**Information shown**
= Beginning of Section =
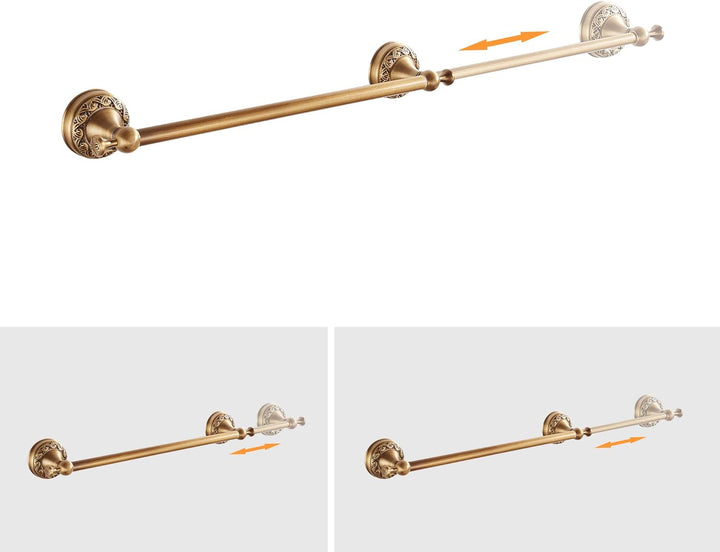 Antike Bronze Badezimmer Hardware Set,Verstellbarer Handtuchhalter, Toilettenpapierhalter, Handtuchh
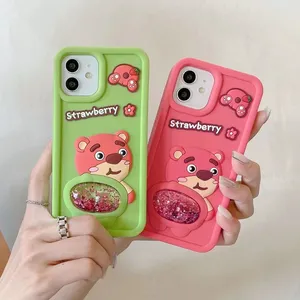 Cute 3d strawberry bear phone cases for iphone 14 13 12 11 silicone cover with liquidsand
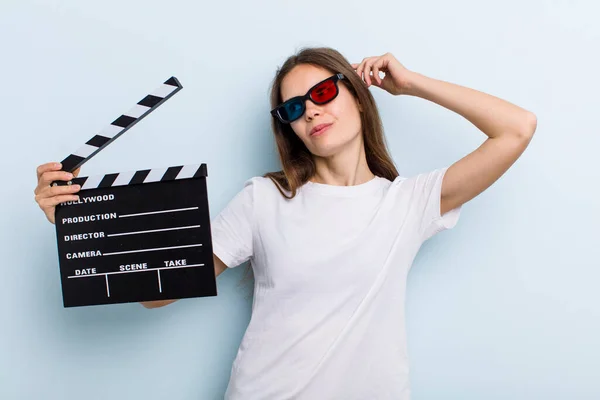 Young Adult Woman Feeling Puzzled Confused Scratching Head Movie Cinema — Stock Photo, Image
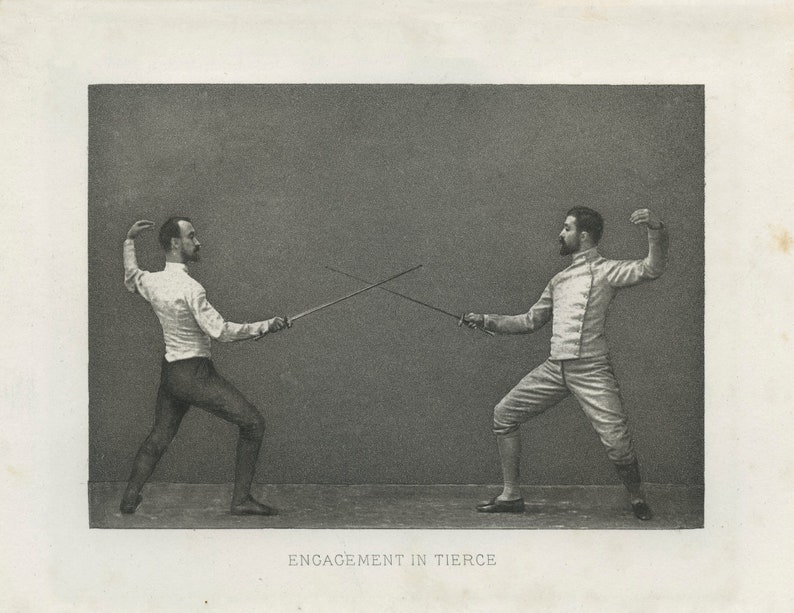 Sports Art Fencing Art Gentleman Art Antique Sports Art Etsy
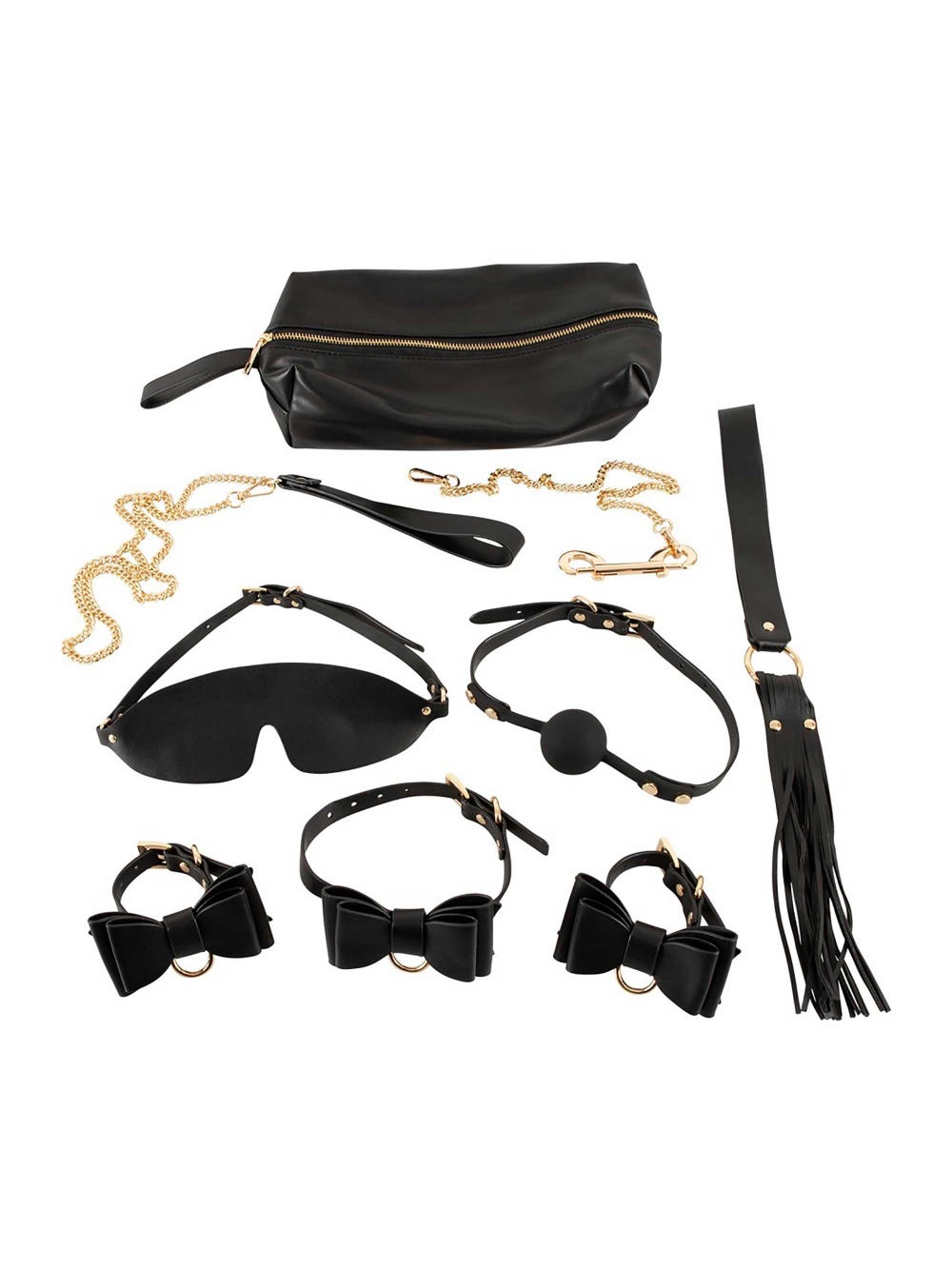 Kit BDSM similicuir Bow Tie 7 pièces main product photo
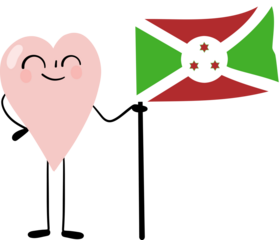 illustration of heart cartoon character with Burundi flag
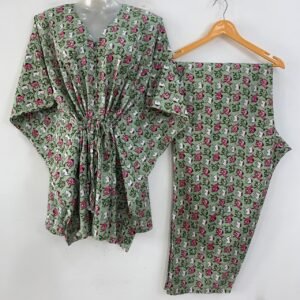 Green Shade Stripe Camel Print Cotton Maternity Kaftan Co-Ord Set
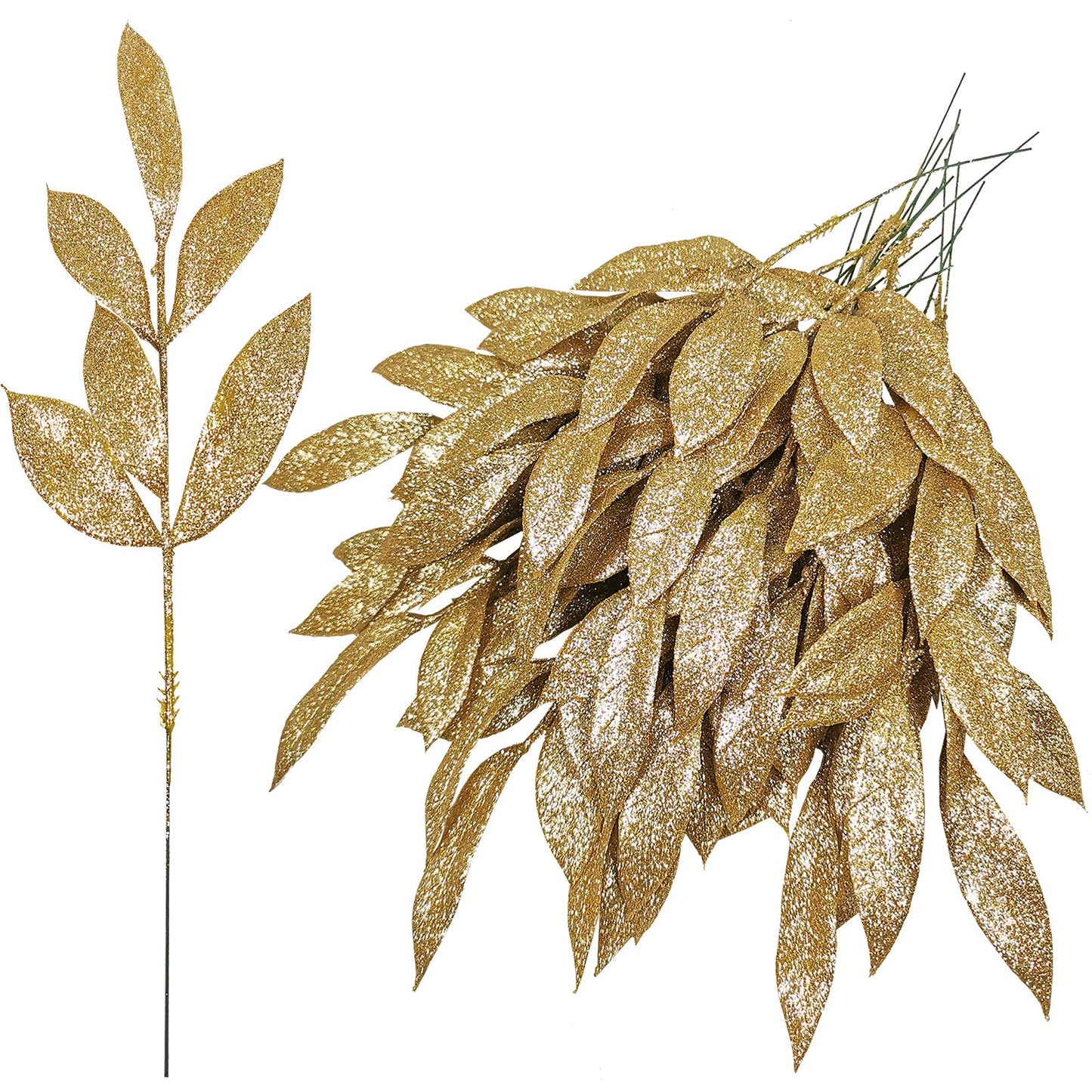 20 Pieces Gold Glittered Artificial Leaf Spray Picks 12" Tall for Christmas Winter Wedding Wreath Tree Swag Floral Arrangment Vase Bouquets Table Centerpieces Decoration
= End of Section =
**Exercise description**
An exact reproduction of the data above is required, with every picture removed.

**Answer to this problem**
 Antike Bronze Badezimmer Hardware Set,Verstellbarer Handtuchhalter, Toilettenpapierhalter, Handtuchh
 Cute 3d strawberry bear phone cases for iphone 14 13 12 11 silicone cover with liquidsand
 Young Adult Woman Feeling Puzzled Confused Scratching Head Movie Cinema — Stock Photo, Image
 Sports Art Fencing Art Gentleman Art Antique Sports Art Etsy
 Kit BDSM similicuir Bow Tie 7 pièces main product photo
 illustration of heart cartoon character with Burundi flag
 Green Shade Stripe Camel Print Cotton Maternity Kaftan Co-Ord Set
 20 Pieces Gold Glittered Artificial Leaf Spray Picks 12" Tall for Christmas Winter Wedding Wreath Tree Swag Floral Arrangment Vase Bouquets Table Centerpieces Decoration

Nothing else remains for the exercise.